May 15 (Bloomberg) -- Chipotle Mexican Grill Inc. investors aren’t happy with how much the restaurant chain pays its top executives.
In a say-on-pay referendum at the company’s annual meeting, about 77 percent of votes opposed the current compensation terms, according to spokesman Chris Arnold. The vote is advisory and the board and compensation committee aren’t bound by it. Still, Chipotle uses the results to make future decisions on executive pay.
Chipotle has drawn criticism for paying its co-chief executive officers a combined $49.5 million last year. CtW Investment Group, a union-backed pension-fund firm, encouraged shareholders to revolt against the pay packages, saying the executives were being treated like “Sun Kings.” The proxy advisers Institutional Shareholder Services and Glass Lewis joined CtW in opposing the compensation.
Chipotle, based in Denver, said today that it takes the results of the vote “very seriously.”
“It has always been, and continues to be, a top priority that our compensation programs are driving the creation of shareholder value,” Arnold said in an e-mail. “We thank our investors for the feedback we have received on this issue, and will continue to engage with our investors as we review our compensation programs.”
Shares of the Mexican food chain fell 1.7 percent to $495.92 at the close in New York. The stock has declined 6.9 percent this year.
Steve Ells, who serves as Chipotle’s chairman in addition to co-CEO, made $25.1 million last year, including $12.3 million in stock options. The compensation package for co-leader Monty Moran was $24.4 million, with $12.3 million coming in options.
The broader industry has seen CEO compensation climb quickly since 2008, even as hourly wages for workers remained static, according to data compiled by Bloomberg Industries. Fast-food companies had a CEO-to-worker compensation ratio of 1,203 in 2012. That figure was just 211 in 2000.

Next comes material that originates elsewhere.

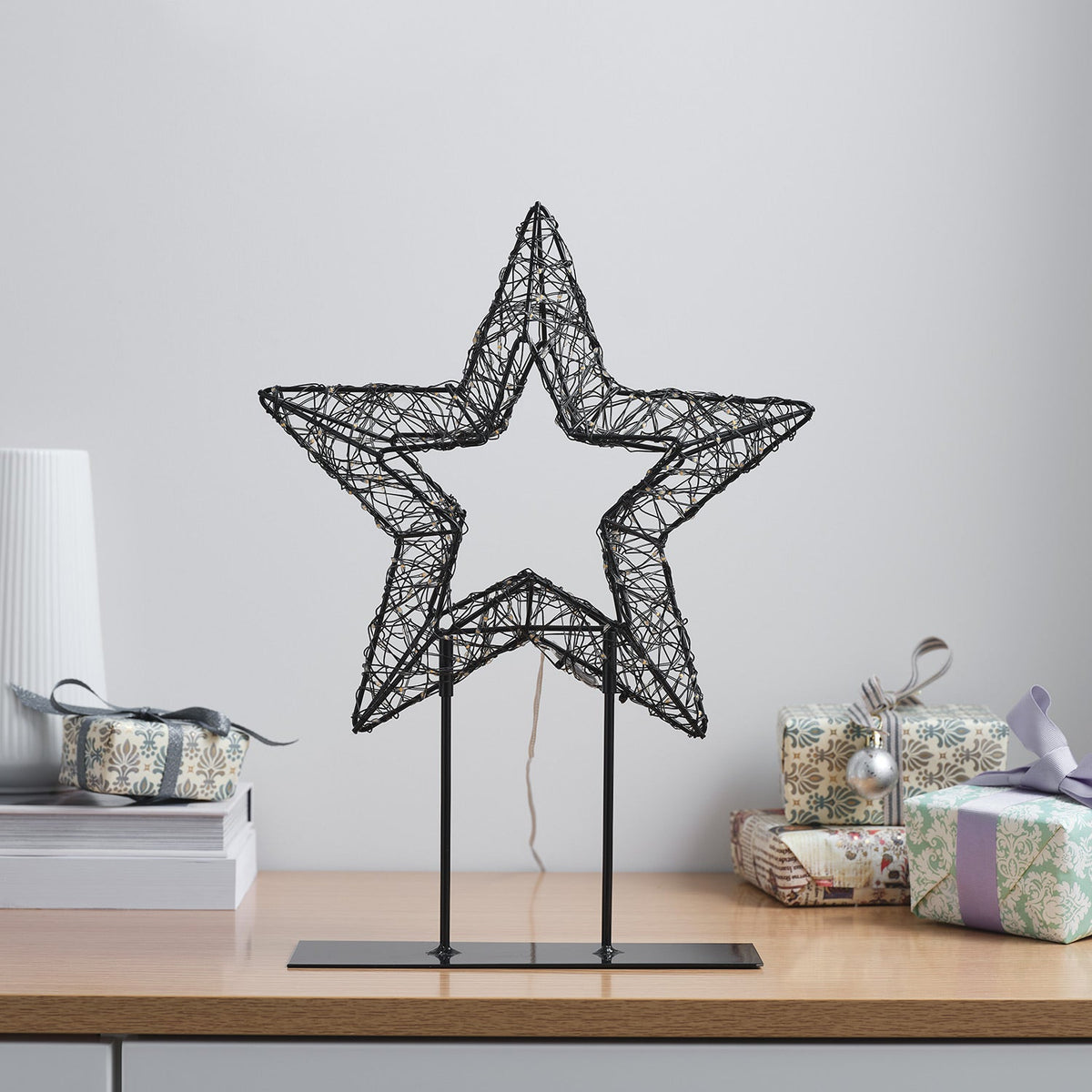 Wire micro-LED star with stand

Chipotle’s board didn’t heed investor sentiment after say-on-pay opposition rose from 21 percent in 2012 to 27 percent in 2013, CtW said in a statement today. With the latest 77 percent margin, that should change, the group said.
The California State Teachers Retirement System, CalPERS, the New York City Pension Funds and the Florida State Board of Administration joined CtW in voting against the plan, according to the statement.

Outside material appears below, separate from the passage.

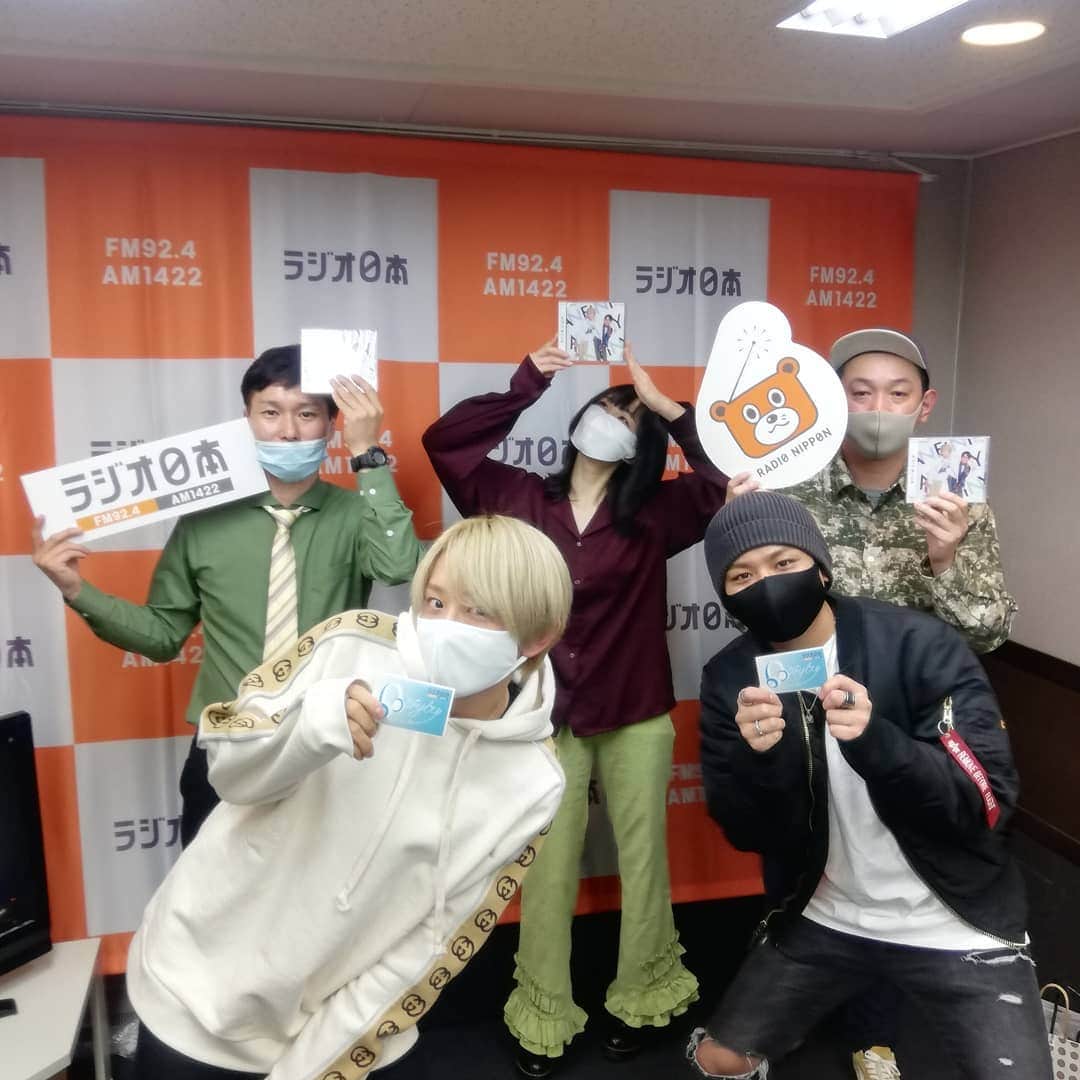 滝沢秀一（マシンガンズ）のインスタグラム：「６０ＴＲＹ部をお聞きの皆さん、今日もありがとうございました！ ゲストはANFINYのお２人でした。 以外とがらがら声の三田ちゃん、人気あったね笑」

“We expect our board to get to work reining in runaway executive pay at Chipotle,” said Dieter Waizenegger, CtW’s director. “Chipotle’s unbalanced approach to human capital management poses unacceptable risks to shareholders.”
New York City Comptroller Scott Stringer also voiced support for shareholders’ decision.
“Shareowners overwhelmingly said today they are fed up with excessive executive pay at Chipotle,” he said in a statement. “The onus is now on the board to rein in the company’s egregious pay practices.”